● **PROBLEM TO WORK ON**: Skip the images and return the records below exactly.

● **RECORDS SUPPLIED**:
========

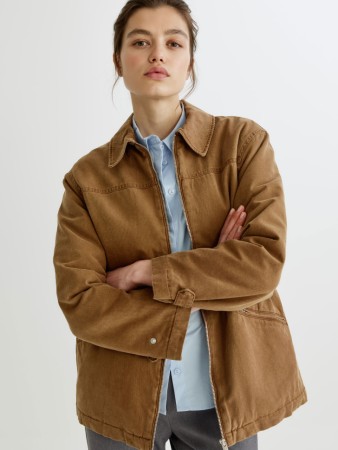 утепленная хлопковая куртка с эффектом стирки фотография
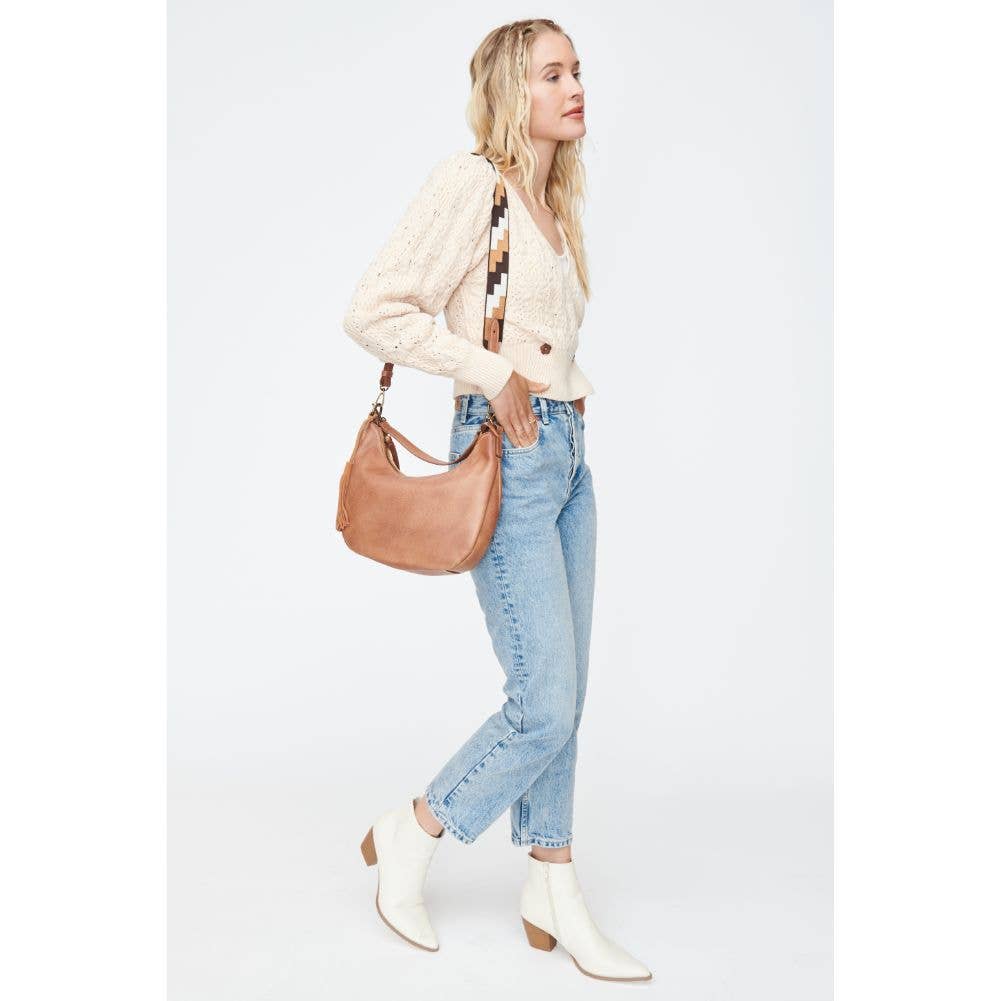 Ella Hobo: Tan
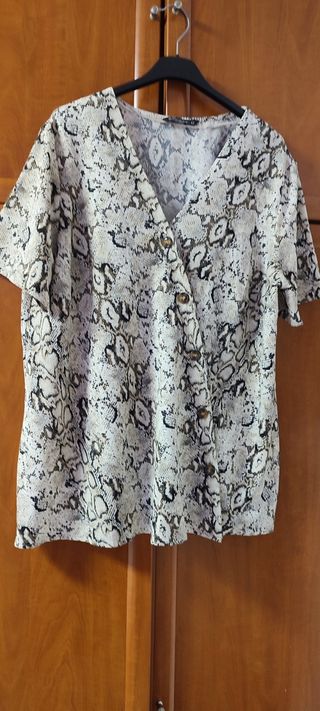 Blusa, pone talla M pero es grande como una 42/44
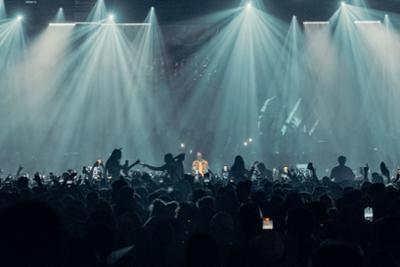 Escenario de Black Coffee, con él tocando musica y con las siluetas del público bailando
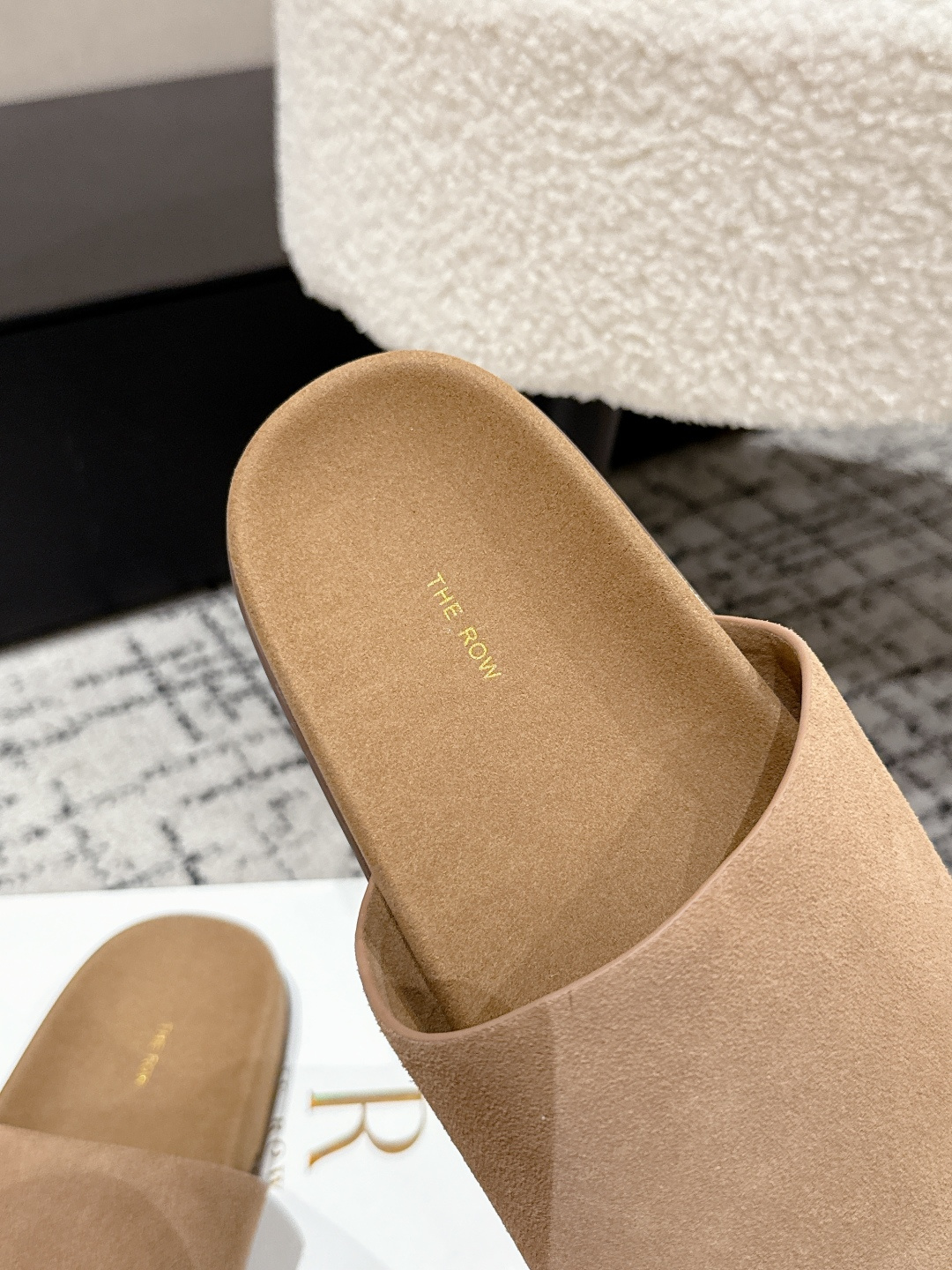 “Review of The Row Ugly Slippers: Comfort and Style in One-Size-Fits-All Design” - 图片 7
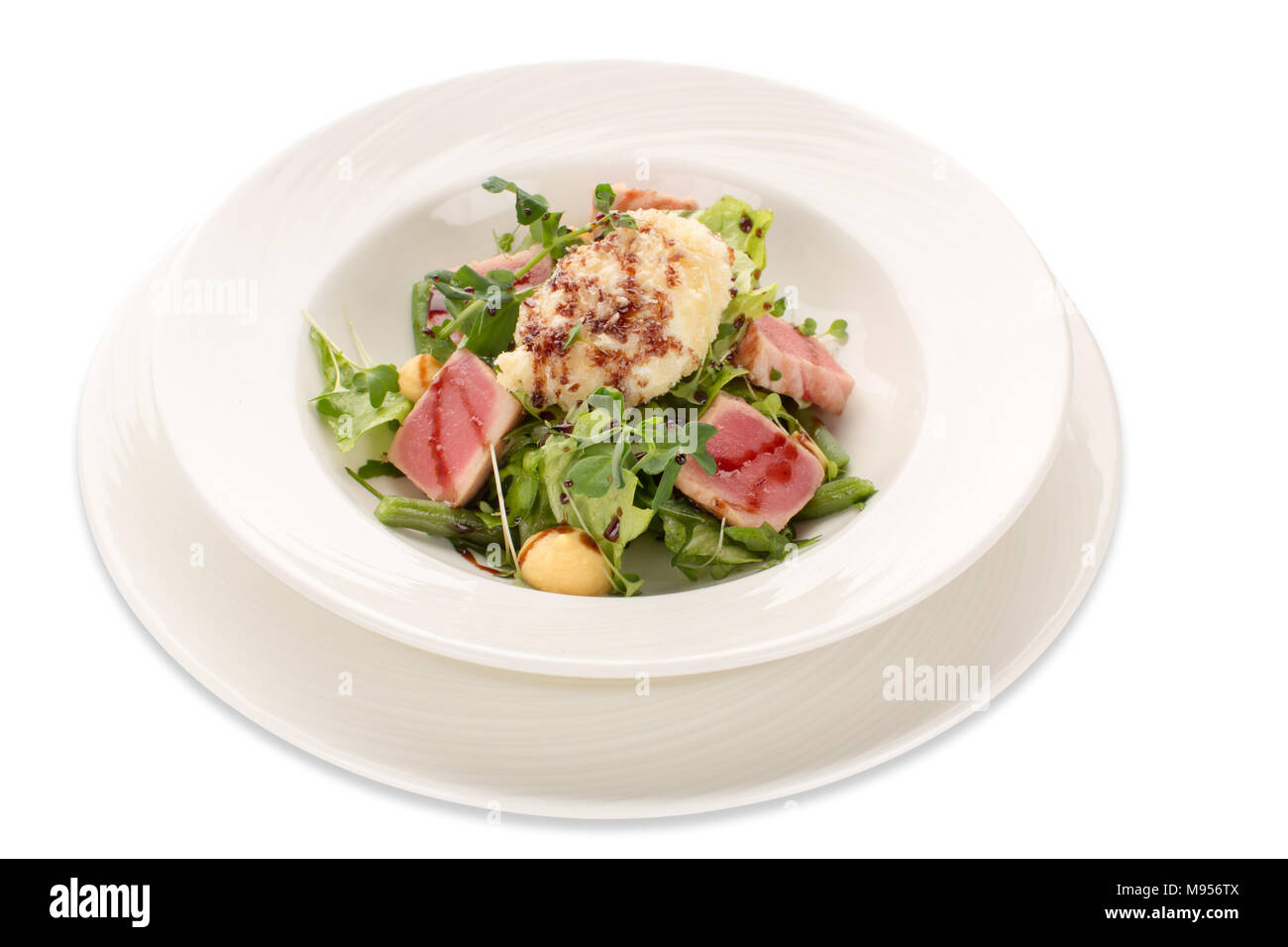 Salat mit Thunfisch grünen und grünen Bohnen weiße Platte Stockfoto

========

● **EXERCISE SOLUTION**:
 утепленная хлопковая куртка с эффектом стирки фотография
 Ella Hobo: Tan
 Blusa, pone talla M pero es grande como una 42/44
 Escenario de Black Coffee, con él tocando musica y con las siluetas del público bailando
 “Review of The Row Ugly Slippers: Comfort and Style in One-Size-Fits-All Design” - 图片 7
 Salat mit Thunfisch grünen und grünen Bohnen weiße Platte Stockfoto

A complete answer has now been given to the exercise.